BRIEF>
From the listing below, restate word for word the lines from the line containing "1960s Desimone Pottery" down through the line containing "Item preview, Blue". Exclude pictures.

DATA SECTION>
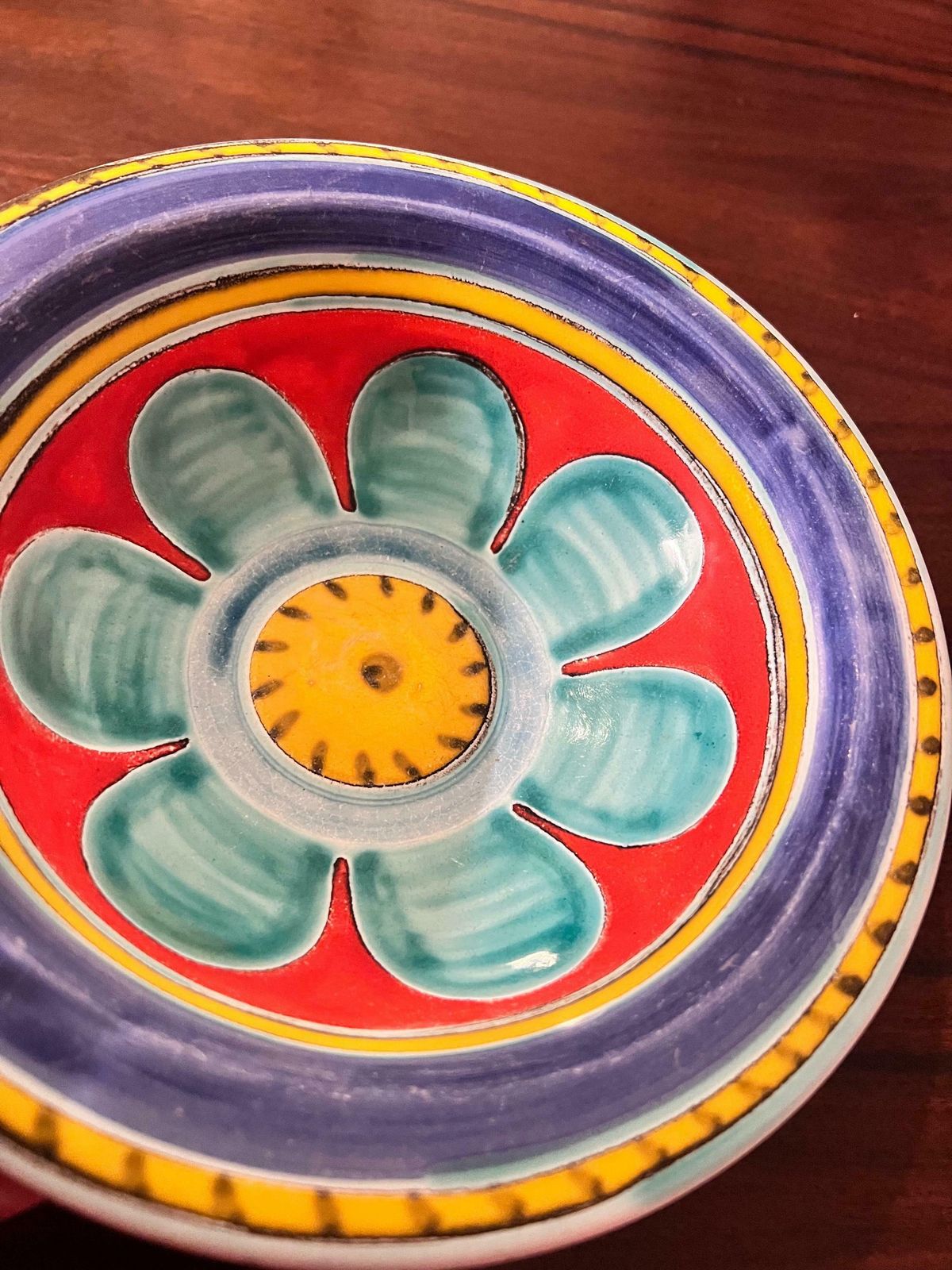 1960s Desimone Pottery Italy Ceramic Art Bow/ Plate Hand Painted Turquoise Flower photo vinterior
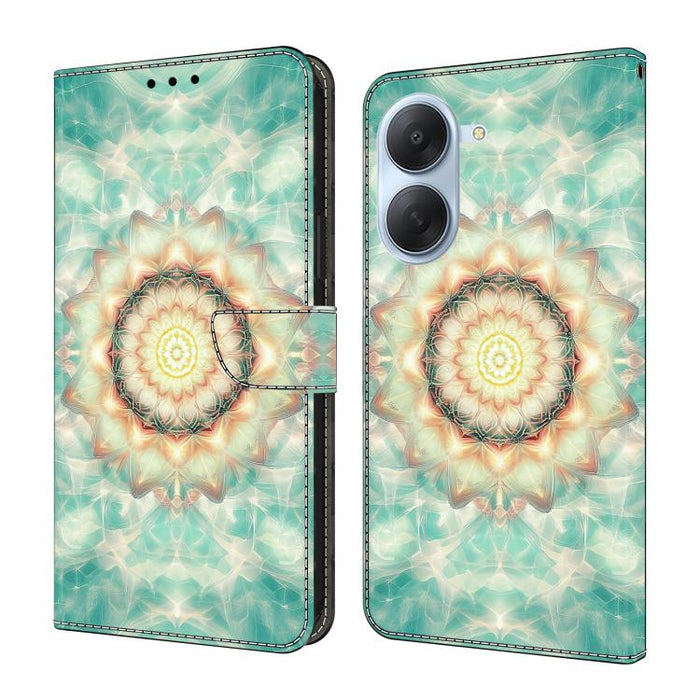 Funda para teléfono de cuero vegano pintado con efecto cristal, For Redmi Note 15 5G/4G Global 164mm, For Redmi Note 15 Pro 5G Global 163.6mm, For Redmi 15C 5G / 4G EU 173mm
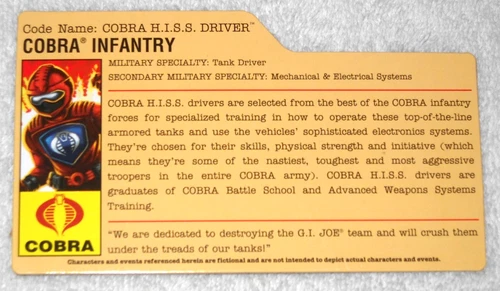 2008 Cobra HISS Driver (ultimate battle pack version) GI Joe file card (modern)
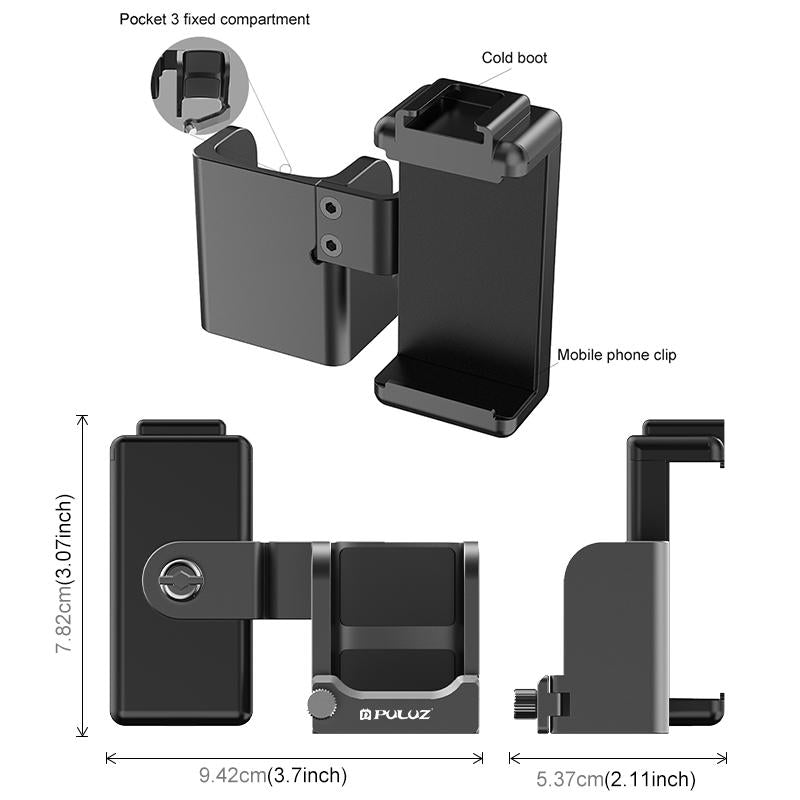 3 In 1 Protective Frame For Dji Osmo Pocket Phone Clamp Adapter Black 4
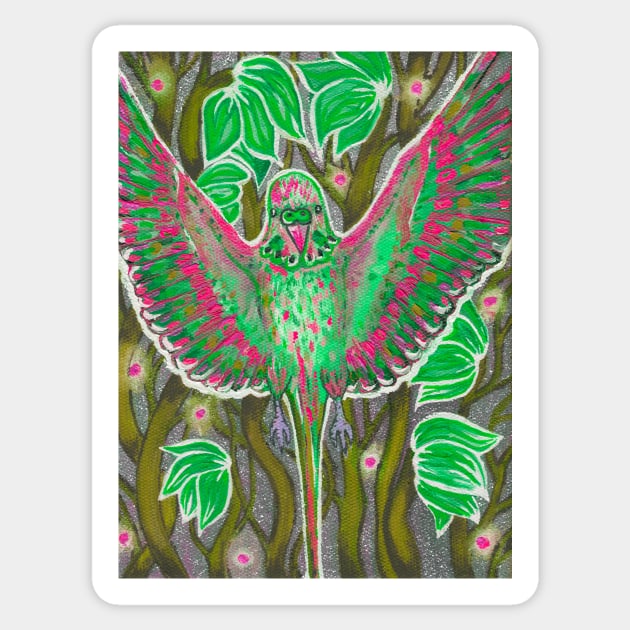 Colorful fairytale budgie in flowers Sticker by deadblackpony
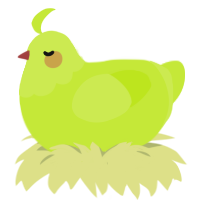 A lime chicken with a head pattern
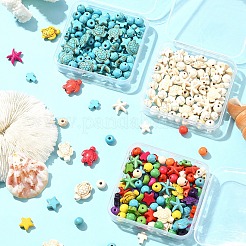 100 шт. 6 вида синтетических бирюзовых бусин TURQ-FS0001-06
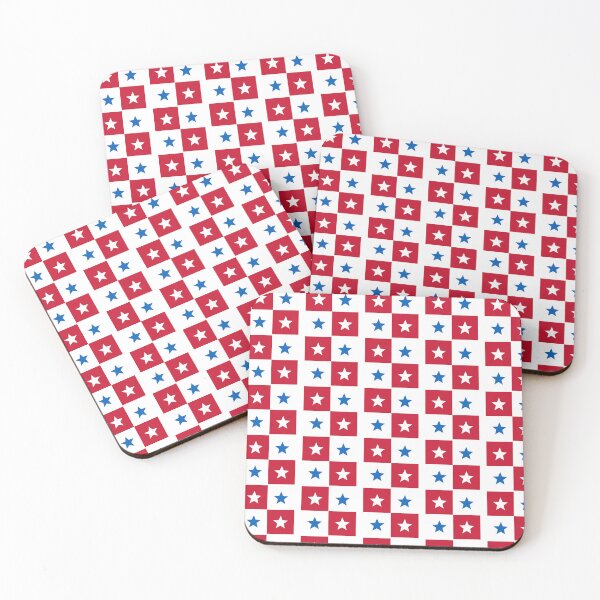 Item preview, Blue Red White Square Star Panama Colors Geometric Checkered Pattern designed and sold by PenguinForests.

---

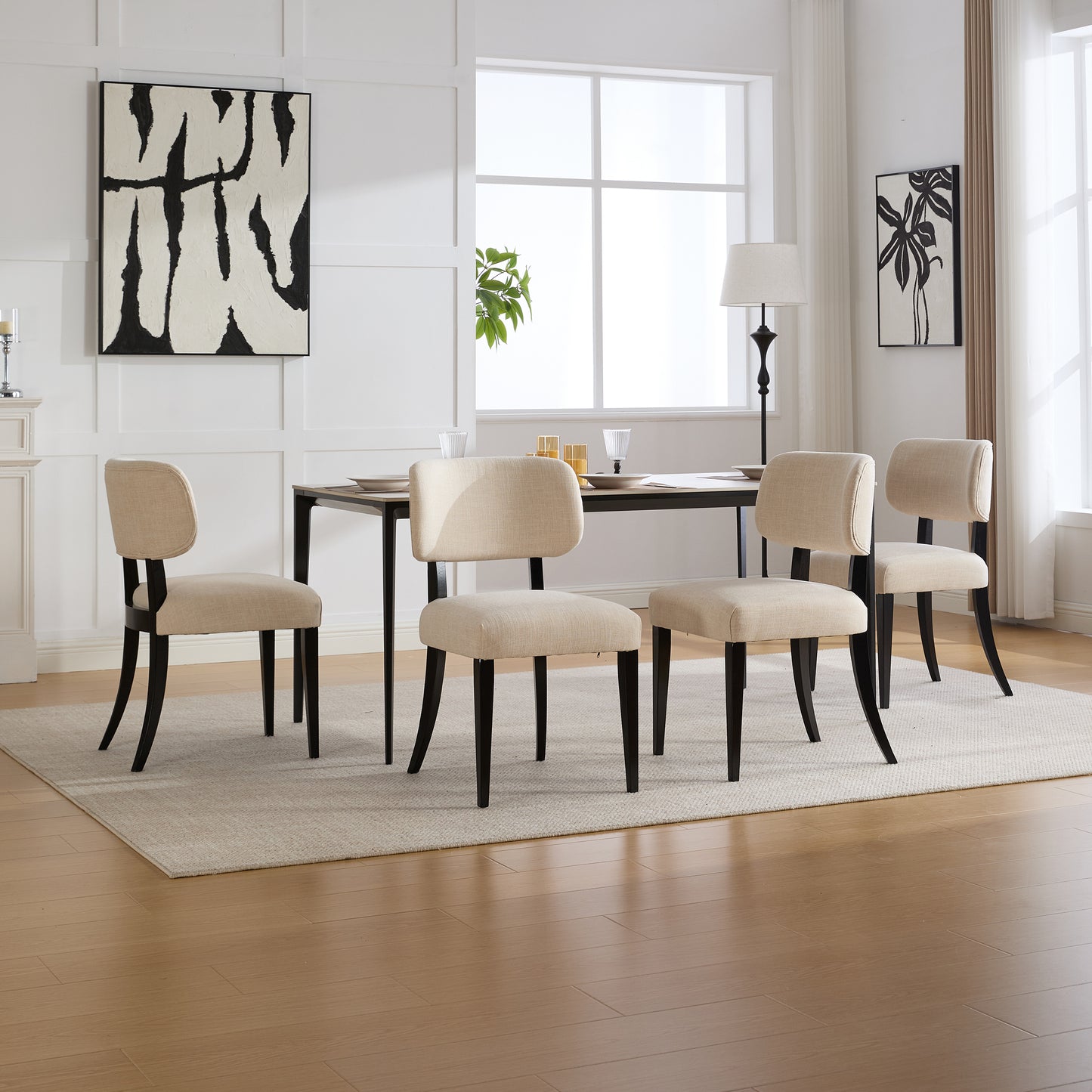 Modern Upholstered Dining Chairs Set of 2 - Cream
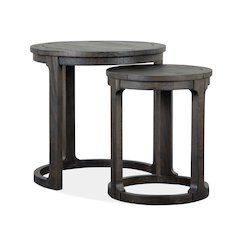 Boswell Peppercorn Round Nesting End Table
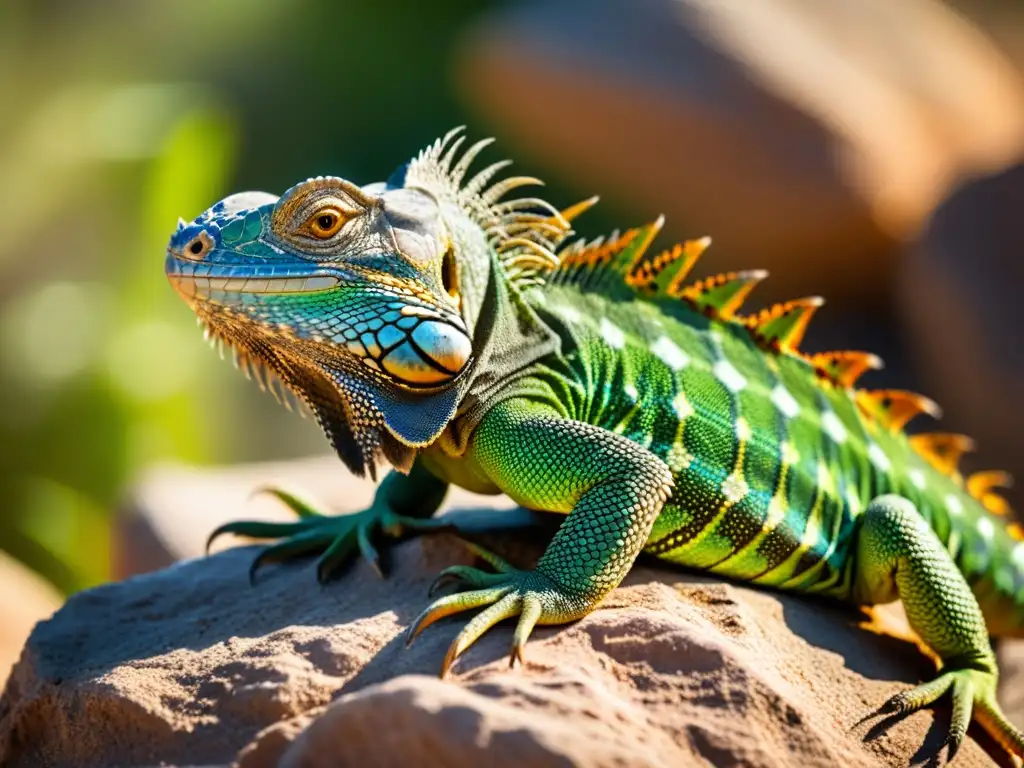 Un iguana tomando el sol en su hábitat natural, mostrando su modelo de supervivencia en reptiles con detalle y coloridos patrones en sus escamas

...

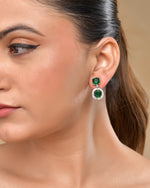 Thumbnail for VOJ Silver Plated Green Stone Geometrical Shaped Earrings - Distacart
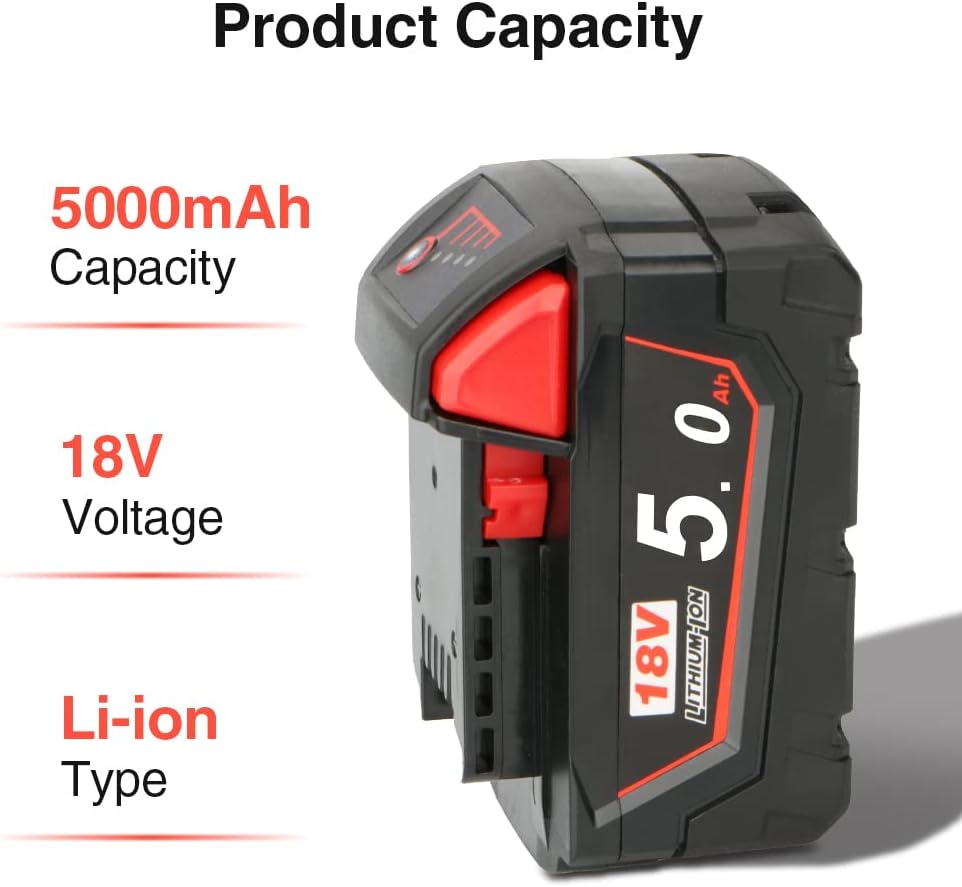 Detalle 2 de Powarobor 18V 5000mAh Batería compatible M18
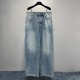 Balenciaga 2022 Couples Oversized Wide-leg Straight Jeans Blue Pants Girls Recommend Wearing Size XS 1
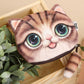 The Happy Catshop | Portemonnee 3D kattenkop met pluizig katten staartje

SOLUTION FOR THIS PROBLEM>
 1960s Desimone Pottery Italy Ceramic Art Bow/ Plate Hand Painted Turquoise Flower photo vinterior
 Funda para teléfono de cuero vegano pintado con efecto cristal, For Redmi Note 15 5G/4G Global 164mm, For Redmi Note 15 Pro 5G Global 163.6mm, For Redmi 15C 5G / 4G EU 173mm
 2008 Cobra HISS Driver (ultimate battle pack version) GI Joe file card (modern)
 3 In 1 Protective Frame For Dji Osmo Pocket Phone Clamp Adapter Black 4
 Colorful fairytale budgie in flowers Sticker by deadblackpony
 A lime chicken with a head pattern
 100 шт. 6 вида синтетических бирюзовых бусин TURQ-FS0001-06
 Item preview, Blue Red White Square Star Panama Colors Geometric Checkered Pattern designed and sold by PenguinForests.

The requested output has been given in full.